Electricity and water, orange juice and toothpaste and Mentos and Coca Cola are all things that don’t go together well. But what about emerging technology and legacy equipment? Here, Jonathan Wilkins, director at automation equipment supplier EU Automation, explains the relationship between legacy equipment and emerging technology.
New technologies relating to artificial intelligence, robotics, augmented reality and 3D printing are emerging rapidly. Manufacturers are faced with an alarming number of options, all promising to help them move closer to a smart, Industry 4.0 equipped factory. The ultimate dream for many manufacturers is full digitisation, both vertically and horizontally. That is, connecting all functions across a company as well as its suppliers and distributors in the supply chain. There are leading businesses, such as Siemens, who are already beginning to track and monitor their production in truly smart factories.
For smaller manufacturing businesses, closing the gap between emerging technology and their existing equipment is a challenge many are faced with. We are still at an early stage in the fourth industrial revolution and many companies lack both the staff and the technological infrastructure required to fully transform their operations. Digitalisation often requires substantial change in an organisation’s culture and technology. However, this change in technology does not have to be a complete overhaul or a sparkly new factory.
Spanning the generations
Industrial equipment is built to last, which means that manufacturers are often operating machines that are 20 to 30 years old. Many manufacturers are therefore operating legacy drives, sensors, programmable logic controllers and other automation equipment. This equipment often forms the fundamental backbone of operations and is vital to business success.
If the legacy equipment is running well and causing no problems, you may think, what’s the issue? The difficulty comes when manufacturers want to update their equipment so that it communicates with other machines. Equipment built 20 years ago was not built to communicate and can therefore hold back manufacturers’ Industry 4.0 aspirations. For example, the equipment may communicate via proprietary protocols that use RS-232/422/485 serial cables, which while fit for purpose, are not suited to remote monitoring across a TCP/IP network.
Any new equipment, which will be built to last until 2050, must operate happily alongside machines introduced in the 1980s. Generally, newer machines will come equipped with means to communicate with the Industrial Internet of Things (IIoT), but because the backbone of the factory doesn’t, manufacturers need to create an ecosystem where emerging technology and legacy machines can work in perfect harmony.
A new legacy
The first approach for manufacturers trying to align emerging technology with legacy equipment is rip and replace. That is, deciding that like electricity and water, the two just simply don’t go together and the best option is to start from scratch and commission an entirely new system.
While the idea of a brand-new Industry 4.0 ready factory might sound attractive, there is one obvious barrier — cost. While the benefits of perfect interoperability, high efficiency and synchronisation with augmented reality and other emerging technologies are certainly a pull, it is expensive to design and build a new line.

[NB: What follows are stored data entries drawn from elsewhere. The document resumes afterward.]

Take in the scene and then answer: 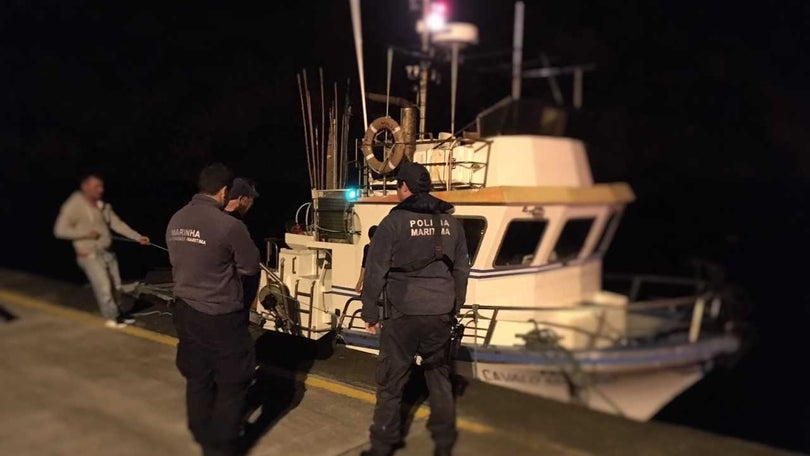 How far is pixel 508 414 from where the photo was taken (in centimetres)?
336

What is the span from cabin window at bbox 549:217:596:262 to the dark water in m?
2.45

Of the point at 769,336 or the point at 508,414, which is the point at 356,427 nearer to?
the point at 508,414

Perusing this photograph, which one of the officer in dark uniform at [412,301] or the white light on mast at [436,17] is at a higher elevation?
the white light on mast at [436,17]

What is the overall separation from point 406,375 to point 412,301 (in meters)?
0.38

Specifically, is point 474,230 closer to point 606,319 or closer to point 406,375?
point 606,319

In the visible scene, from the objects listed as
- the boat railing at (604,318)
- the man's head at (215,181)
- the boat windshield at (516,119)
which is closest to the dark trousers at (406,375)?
the man's head at (215,181)

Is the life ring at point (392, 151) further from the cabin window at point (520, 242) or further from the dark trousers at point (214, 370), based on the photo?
the dark trousers at point (214, 370)

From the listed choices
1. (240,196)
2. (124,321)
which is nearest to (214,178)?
(240,196)

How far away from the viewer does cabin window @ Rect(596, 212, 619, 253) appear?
25.3 feet

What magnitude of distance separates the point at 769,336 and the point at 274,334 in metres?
16.8

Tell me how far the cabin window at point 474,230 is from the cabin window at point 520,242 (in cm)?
26

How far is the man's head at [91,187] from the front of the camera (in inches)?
206

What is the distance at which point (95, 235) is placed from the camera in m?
5.30

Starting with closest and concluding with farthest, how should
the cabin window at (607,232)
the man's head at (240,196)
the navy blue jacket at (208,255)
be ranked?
the navy blue jacket at (208,255) < the man's head at (240,196) < the cabin window at (607,232)
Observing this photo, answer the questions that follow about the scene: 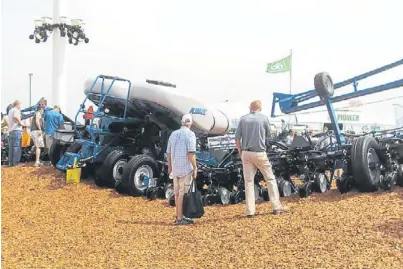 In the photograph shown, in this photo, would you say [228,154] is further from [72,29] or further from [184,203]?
[72,29]

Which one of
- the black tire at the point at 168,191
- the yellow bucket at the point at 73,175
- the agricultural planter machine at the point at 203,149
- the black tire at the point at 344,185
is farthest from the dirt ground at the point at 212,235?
the yellow bucket at the point at 73,175

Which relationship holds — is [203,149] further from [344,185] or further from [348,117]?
[348,117]

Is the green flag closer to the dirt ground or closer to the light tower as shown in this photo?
the light tower

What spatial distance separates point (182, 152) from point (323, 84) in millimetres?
3702

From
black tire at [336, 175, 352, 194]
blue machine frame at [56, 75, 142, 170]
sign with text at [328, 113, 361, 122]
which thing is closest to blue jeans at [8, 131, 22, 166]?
blue machine frame at [56, 75, 142, 170]

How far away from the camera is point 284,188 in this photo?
9266 millimetres

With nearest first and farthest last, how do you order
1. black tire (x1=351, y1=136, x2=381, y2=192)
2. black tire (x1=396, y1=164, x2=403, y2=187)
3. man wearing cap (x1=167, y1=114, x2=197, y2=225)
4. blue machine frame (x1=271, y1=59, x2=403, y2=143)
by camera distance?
man wearing cap (x1=167, y1=114, x2=197, y2=225) → black tire (x1=351, y1=136, x2=381, y2=192) → black tire (x1=396, y1=164, x2=403, y2=187) → blue machine frame (x1=271, y1=59, x2=403, y2=143)

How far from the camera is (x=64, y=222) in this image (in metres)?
7.46

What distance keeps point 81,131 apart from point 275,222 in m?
6.80

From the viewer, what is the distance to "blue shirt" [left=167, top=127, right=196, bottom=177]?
7.23m

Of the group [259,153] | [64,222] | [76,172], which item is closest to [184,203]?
[259,153]

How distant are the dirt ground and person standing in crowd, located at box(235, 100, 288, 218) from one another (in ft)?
0.83

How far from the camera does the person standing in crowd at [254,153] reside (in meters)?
7.08

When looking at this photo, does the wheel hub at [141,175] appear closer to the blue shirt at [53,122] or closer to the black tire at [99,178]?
the black tire at [99,178] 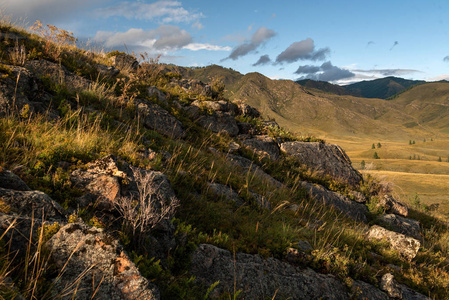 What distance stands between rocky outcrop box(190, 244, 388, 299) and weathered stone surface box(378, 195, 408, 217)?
30.7ft

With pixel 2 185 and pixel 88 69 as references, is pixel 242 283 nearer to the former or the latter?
pixel 2 185

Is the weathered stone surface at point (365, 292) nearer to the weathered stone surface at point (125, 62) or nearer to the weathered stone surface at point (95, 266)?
the weathered stone surface at point (95, 266)

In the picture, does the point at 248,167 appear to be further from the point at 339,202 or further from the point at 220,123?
the point at 339,202

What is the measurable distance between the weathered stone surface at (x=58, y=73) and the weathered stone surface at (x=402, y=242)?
453 inches

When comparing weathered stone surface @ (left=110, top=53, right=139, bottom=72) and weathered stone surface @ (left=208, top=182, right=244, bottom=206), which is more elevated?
weathered stone surface @ (left=110, top=53, right=139, bottom=72)

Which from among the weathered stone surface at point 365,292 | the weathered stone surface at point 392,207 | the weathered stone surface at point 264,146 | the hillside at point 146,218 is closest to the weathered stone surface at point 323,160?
the weathered stone surface at point 264,146

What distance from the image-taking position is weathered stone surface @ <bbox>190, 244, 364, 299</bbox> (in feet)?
12.7

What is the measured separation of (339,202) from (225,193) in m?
7.39

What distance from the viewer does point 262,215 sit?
673cm

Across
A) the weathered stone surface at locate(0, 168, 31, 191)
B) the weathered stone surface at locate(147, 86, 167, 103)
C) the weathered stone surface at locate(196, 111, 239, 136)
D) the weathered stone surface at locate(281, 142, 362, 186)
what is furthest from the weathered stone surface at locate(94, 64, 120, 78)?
the weathered stone surface at locate(281, 142, 362, 186)

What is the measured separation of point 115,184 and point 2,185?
56.7 inches

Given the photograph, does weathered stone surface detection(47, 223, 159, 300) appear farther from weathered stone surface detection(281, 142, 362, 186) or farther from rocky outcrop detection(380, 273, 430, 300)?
weathered stone surface detection(281, 142, 362, 186)

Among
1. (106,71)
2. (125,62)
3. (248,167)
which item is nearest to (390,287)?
(248,167)

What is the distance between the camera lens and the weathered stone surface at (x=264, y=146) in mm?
12867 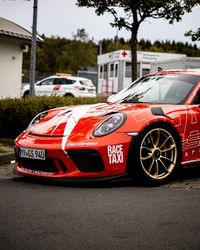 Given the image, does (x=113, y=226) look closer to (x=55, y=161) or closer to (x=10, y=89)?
(x=55, y=161)

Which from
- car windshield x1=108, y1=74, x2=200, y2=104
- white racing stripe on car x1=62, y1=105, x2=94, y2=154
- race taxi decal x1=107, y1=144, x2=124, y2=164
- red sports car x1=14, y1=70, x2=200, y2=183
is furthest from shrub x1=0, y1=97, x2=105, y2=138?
race taxi decal x1=107, y1=144, x2=124, y2=164

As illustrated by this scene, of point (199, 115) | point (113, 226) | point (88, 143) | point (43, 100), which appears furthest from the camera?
point (43, 100)

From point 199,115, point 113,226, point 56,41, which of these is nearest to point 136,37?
point 199,115

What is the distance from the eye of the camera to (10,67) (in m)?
17.5

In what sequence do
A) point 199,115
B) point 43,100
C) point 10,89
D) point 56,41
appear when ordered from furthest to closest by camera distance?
point 56,41
point 10,89
point 43,100
point 199,115

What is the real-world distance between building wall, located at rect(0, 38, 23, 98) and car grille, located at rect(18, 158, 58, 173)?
11863 millimetres

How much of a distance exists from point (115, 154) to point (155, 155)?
531 millimetres

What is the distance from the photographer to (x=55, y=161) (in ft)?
17.0

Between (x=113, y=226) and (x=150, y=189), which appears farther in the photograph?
(x=150, y=189)

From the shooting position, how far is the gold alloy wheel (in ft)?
17.4

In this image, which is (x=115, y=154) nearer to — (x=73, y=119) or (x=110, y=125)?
(x=110, y=125)

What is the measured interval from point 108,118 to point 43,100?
4.44 meters

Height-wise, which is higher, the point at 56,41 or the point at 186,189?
the point at 56,41

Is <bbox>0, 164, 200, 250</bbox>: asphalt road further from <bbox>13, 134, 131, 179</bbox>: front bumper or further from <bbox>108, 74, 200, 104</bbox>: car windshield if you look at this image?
<bbox>108, 74, 200, 104</bbox>: car windshield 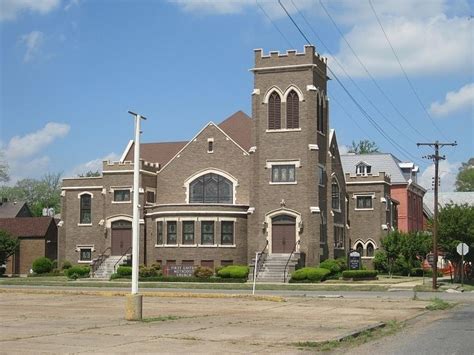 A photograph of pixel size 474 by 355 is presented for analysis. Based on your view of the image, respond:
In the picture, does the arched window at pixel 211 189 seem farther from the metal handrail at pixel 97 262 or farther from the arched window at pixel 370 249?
the arched window at pixel 370 249

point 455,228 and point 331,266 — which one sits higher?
point 455,228

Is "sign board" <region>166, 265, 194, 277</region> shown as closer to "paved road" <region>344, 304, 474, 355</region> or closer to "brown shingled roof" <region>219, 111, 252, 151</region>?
"brown shingled roof" <region>219, 111, 252, 151</region>

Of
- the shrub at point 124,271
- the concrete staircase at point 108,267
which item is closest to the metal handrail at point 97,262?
the concrete staircase at point 108,267

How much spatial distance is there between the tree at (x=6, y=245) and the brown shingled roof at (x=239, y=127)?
19.5 metres

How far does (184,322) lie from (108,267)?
3905cm

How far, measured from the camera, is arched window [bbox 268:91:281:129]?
184ft

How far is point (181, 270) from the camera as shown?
2114 inches

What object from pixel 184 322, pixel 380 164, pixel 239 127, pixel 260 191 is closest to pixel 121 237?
pixel 260 191

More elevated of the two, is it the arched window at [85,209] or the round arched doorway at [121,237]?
the arched window at [85,209]

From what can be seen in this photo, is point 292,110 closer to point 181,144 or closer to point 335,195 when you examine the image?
point 335,195

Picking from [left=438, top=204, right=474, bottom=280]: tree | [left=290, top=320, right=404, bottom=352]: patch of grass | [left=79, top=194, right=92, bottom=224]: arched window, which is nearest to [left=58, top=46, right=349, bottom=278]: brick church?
[left=79, top=194, right=92, bottom=224]: arched window

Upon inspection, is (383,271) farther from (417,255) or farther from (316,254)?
(316,254)

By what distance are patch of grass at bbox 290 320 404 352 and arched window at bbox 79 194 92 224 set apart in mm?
Answer: 46852

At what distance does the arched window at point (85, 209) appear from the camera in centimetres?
6419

When you consider the time taken to source the equipment, uninstall your legacy equipment, install the new machines and re-train employees, the cost spirals further.
The other approach is to wrap and extend, also known as retrofit, incorporating IIoT connectivity devices, such as OPC servers, IoT platforms and IoT Gateways to add additional capabilities to the legacy machine. These devices will make communication between legacy and current protocols easy. Retrofitting can also mean adding sensors to measure vibration, temperature or other parameters that indicate how equipment is performing and communicating the information via the IoT. Using protocol converters to ensure equipment from different vendors can speak the same language means data collection and analysis can be pooled with that of emerging technologies.
While these simple steps might not meet visions of tapping into every piece of equipment from your smartphone, it does provide a viable starting point to access, monitor and control information remotely. It’s catching on – The Technology Group at HIS Markit Ltd estimates that the number of connected IoT devices worldwide will increase from nearly 27 billion in 2017 to 125 billion in 2030, much of which will be legacy equipment.
Connecting equipment in this way can be done at a flexible cost and over whatever timespan the manufacturer is comfortable with. IoT connected sensors are an inexpensive way to equip legacy equipment with the benefits of connectivity.
The best approach for manufacturers is to create a roadmap of their current digital maturity and where they aim to be, setting targets and prioritising the actions that will bring the most business value. It may be necessary to upgrade some equipment, but this is a far sight from scrapping the entire factory and starting again. By adding IoT connectivity to legacy equipment, manufacturers can relax in the knowledge that it can communicate with new technology.
Legacy equipment and emerging technology are not like electricity and water, orange juice and toothpaste or Mentos and Coca Cola. In fact, they are more like peanut butter and jelly — you don’t expect them to go well together, but they really do.